INFORMATION SHOWN
--*--

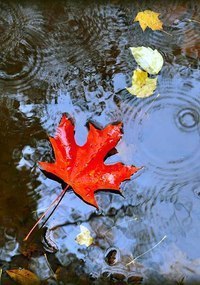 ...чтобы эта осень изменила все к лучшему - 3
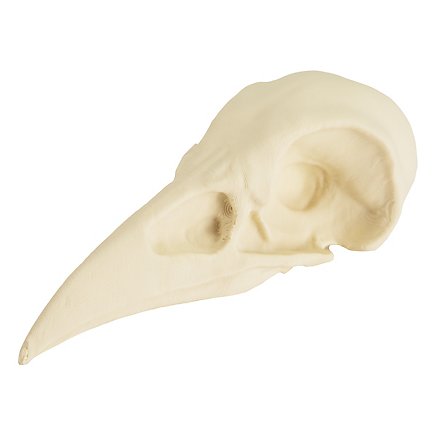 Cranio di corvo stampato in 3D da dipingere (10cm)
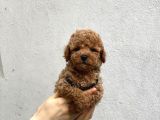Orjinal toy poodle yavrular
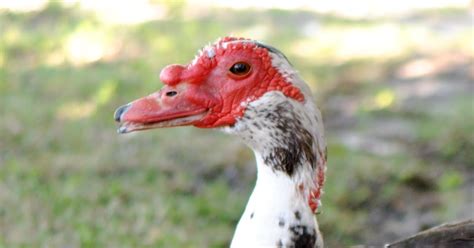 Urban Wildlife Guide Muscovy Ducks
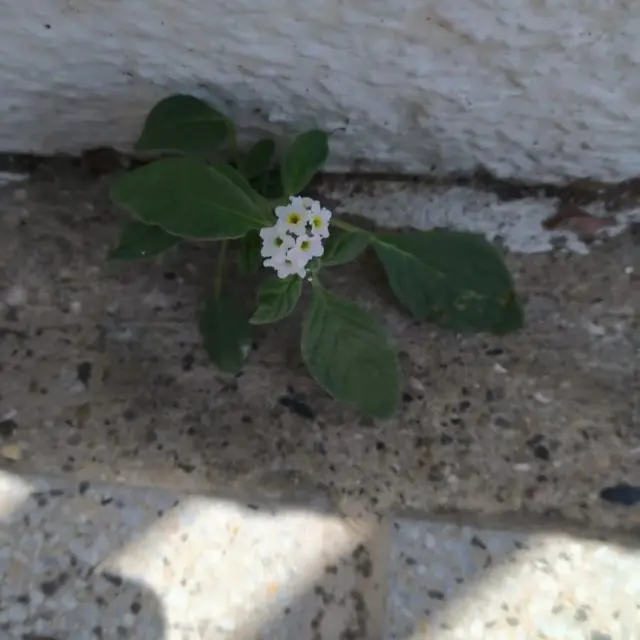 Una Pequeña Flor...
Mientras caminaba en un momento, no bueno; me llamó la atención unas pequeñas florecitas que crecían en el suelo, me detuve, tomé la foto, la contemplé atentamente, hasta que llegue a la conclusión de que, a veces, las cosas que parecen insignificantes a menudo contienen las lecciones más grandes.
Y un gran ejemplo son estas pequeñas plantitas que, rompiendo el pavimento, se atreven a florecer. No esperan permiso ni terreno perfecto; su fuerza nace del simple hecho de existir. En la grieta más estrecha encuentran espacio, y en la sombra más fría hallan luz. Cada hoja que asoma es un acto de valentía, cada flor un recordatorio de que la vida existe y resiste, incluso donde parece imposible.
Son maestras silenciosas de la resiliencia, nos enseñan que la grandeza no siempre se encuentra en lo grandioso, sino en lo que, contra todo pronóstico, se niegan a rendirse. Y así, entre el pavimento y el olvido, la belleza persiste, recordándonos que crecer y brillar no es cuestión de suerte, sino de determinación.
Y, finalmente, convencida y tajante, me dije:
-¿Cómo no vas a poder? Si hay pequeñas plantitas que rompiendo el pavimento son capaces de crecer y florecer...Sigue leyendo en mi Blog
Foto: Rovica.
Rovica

--*--

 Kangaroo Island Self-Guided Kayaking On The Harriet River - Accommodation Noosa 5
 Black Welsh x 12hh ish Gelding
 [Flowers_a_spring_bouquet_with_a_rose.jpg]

--*--

WORK ITEM
Begin at the line above that has "Black Welsh x 12hh ish Gelding" and stop after the line that has "[Flowers_a_spring_bouquet_with_a_rose.jpg]", copying each line exactly and adding nothing else.

RESULT BELOW
 Black Welsh x 12hh ish Gelding
 [Flowers_a_spring_bouquet_with_a_rose.jpg]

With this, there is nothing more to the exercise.